Along with the victories have come the limelight — and the prize money — but Shiffrin is determined to not let it get to her head. The victory in Zagreb increased Shiffrin’s earnings to fifth on the season’s money ranking list with $117,500.

“I am still going to do the same thing,” said Shiffrin, who was born in the ski area of Vail, Colo. “I have to remember that I am only 17 and I feel like a baby sometimes and I don’t hide that.”

She travels the circuit accompanied by her mother Eileen — “my biggest help, she keeps me grounded and focused.”

“I have always wanted to sleep really deeply and not really worry,” Shiffrin said. “I know that some things are going to work and turn out fine. It’s not the end of the world.”

The same approach has helped her to keep a positive mind on the slopes.

Just a week after earning her first World Cup victory in Are, Sweden, and going top of the slalom standings, all eyes were on Shiffrin at a night event in Semmering, Austria, the last race of 2012.

She was fourth after the opening leg but failed to finish after straddling a gate early in her final run.

“A lot of times there is pressure.
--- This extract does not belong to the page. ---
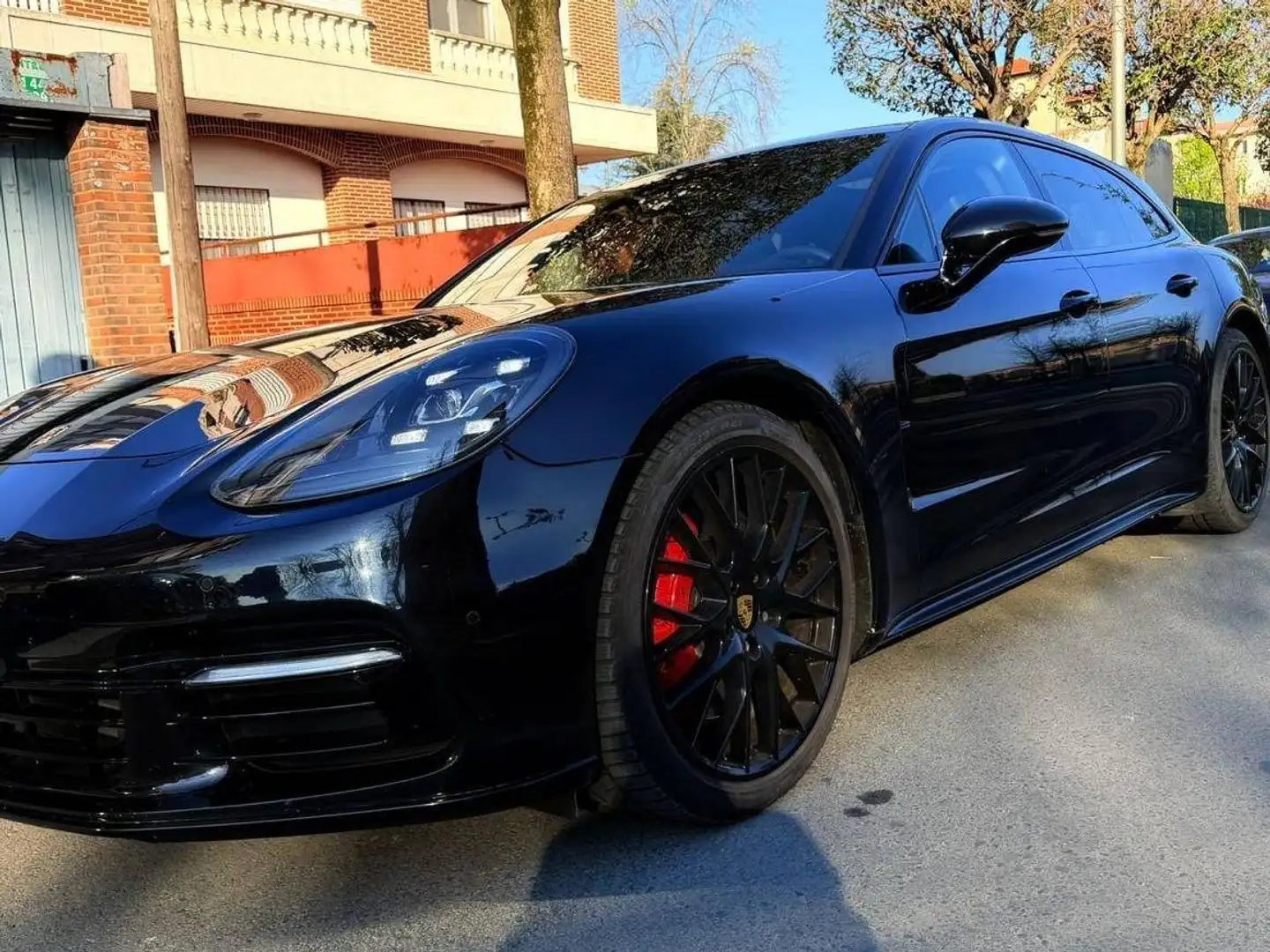 Porsche Panamera GTS Sport Turismo Negro - 1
In Semmering I didn’t deal with it very well,” she said. “I think it was good to go out in Semmering, it brought me back down to earth. ... There is always a next race coming up very soon. I know I will have some mistakes and some bad races but in general every experience counts.”

World champion Marlies Schild has dominated women’s slalom for many years. But the Austrian is out for the season after knee surgery.

After six races — including the Munich city event on New Year’s Day that counted as a slalom — Shiffrin has 336 points, followed by overall World Cup leader Tina Maze of Slovenia with 310 and Veronika Velez Zuzulova of Slovakia with 305.

“It’s still so far away, there is still a couple of races and a lot more training days,” Shiffrin said. “I just have to stay in the moment because that’s what’s working so far and what keeps me grounded. It’s definitely one of my goals but it will be difficult to hold on to this bib.”

U.S. women’s technical coach Roland Pfeifer has been impressed with Shiffrin’s improvement in her second year at top-level racing.

“She is progressing rapidly,” said Pfeifer, who is looking forward to see what Shiffrin can do at next month’s world championships. I’d say it’s really promising on the way to Schladming.”

Apart from peaking in slalom, Shiffrin has racked up three top-10 finishes in giant slalom this season. And it’s just a matter of time before she will start entering the speed events — super-Gs and downhills.

“I am definitely going to move into speed, I love it,” Shiffrin said. “I trained a little bit of speed this past summer, it’s so fun and I feel really good on the long boards. But I am trying to be just patient. I am going to take it slow. When I feel like my technique is really dialed in and I am comfortable going fast, I will go fast.”

U.S. women’s head coach Alex Hoedlmoser had no doubts about her future as an all-round contender.

“Mikaela has a lot of potential, but we’re not rushing,” Hoedlmoser said. “It’s not just that’s she has loads of talent, she also likes to work hard and she definitely shows the right attitude.”

Shiffrin probably won’t try her luck in speed racing until she knows she can match the best. Even at 17, it’s already all about winning.

“I have always dreamed about being on the top spot,” Shiffrin said. “In whatever race I was in, I wanted to win and to be really competitive. Being in the World Cup is no different. I still want to win everything.”